Another tactic that I actually really like is call these scheduled patients, make it more of a service call, remind them they owe money, try to get the payment right then and there, but also verify demographics and eligibility. Do another set of financial clearance when you have me on the phone. “Do you still have Blue Cross?” “I do.” “Do you still live at this address?” “I don’t; here’s the correct address.” “I don’t have an email on file. What’s your email? What’s your mobile phone?” So it gives you a chance to engage with your client, your future client, but it also gives you a chance to clear that patient. Look, there’s nothing worse than getting hung up in a denial as a patient, right? It’s like, “Well, I gave you my insurance, but you didn’t actually enter it correctly. Therefore, there’s a denial. So now I’m getting sent a statement because that’s just the way your business office works. Now I’m frustrated. Now I’m calling your call center. I’m irritated. It’s taking up time. It’s costing money, and the cost to collect goes up.” So lots of themes there around the patient. But it’s really important for folks to know that in this day and age, you have to be very patient-centric, which also includes holding them accountable.
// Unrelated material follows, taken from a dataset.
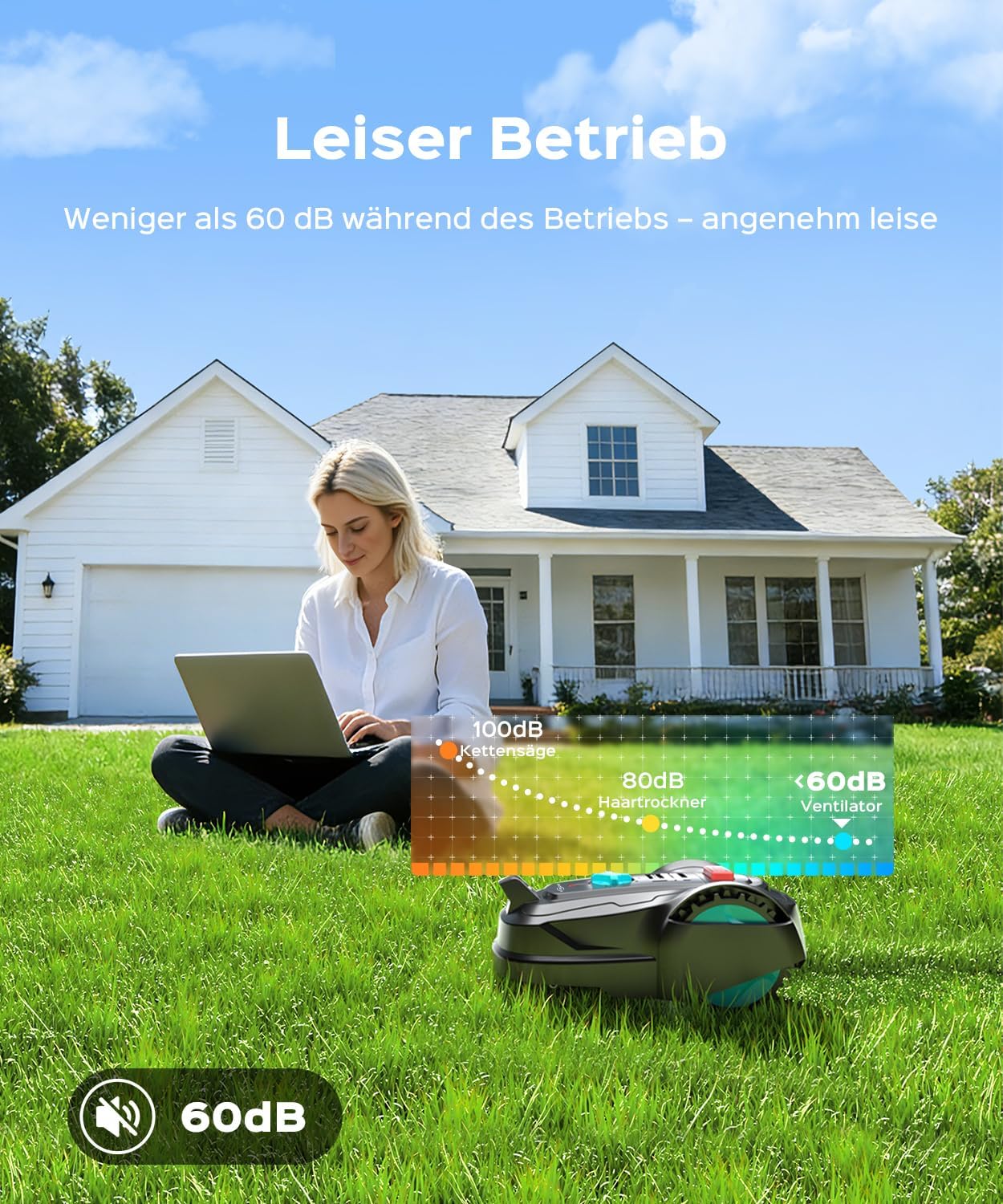 M800Plus Mähroboter ohne Begrenzungskabel, GPS-Ortung + 3D Vision Rasenmäherroboter ohne Kabel, 800 m², U-förmiger Mähmodus, automatisches Laden, App, 150 Hinderniserkennungen – Bild 8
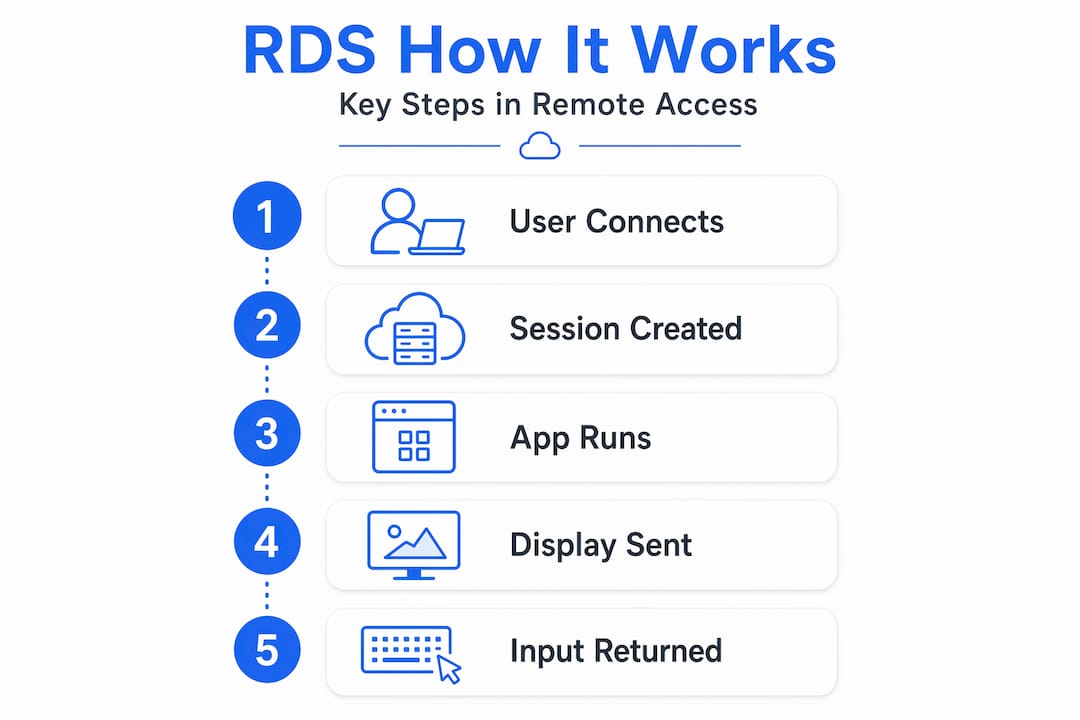 Infographic shows remote desktop session workflow steps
Mike: Well, certainly no one thing we need to be doing to get it right, so great. Great.
Matt: That’s true.
Mike: Great, great perspectives today, Matt. If someone wanted to find out more about MedEvolve, where can they go?
Matt: Yeah. Yeah. So we’re a privately-owned company headquartered in Little Rock, Arkansas. Medevolve.com is our URL. But certainly, if any of your listeners want to hit me up, I’m on LinkedIn. Matt Seefeld, you can search me out. I’m happy to answer questions or clarify anything as well. So we’ve had to do a lot of interesting things at MedEvolve here the last couple of years to really improve our cost to collect on behalf of a lot of our revenue cycle outsourcing clients. So it’s been a big, big move for us to look at how we leverage AI, workflow automation, and transparency, analytics solutions to be better service partners for our clients, but then also make sure that we’re making margin and we can continue to sustain ourselves.
Mike: Matt Seefeld, thanks for joining us today on The Hospital Finance Podcast.
Matt: Oh, I appreciate the time. Thank you.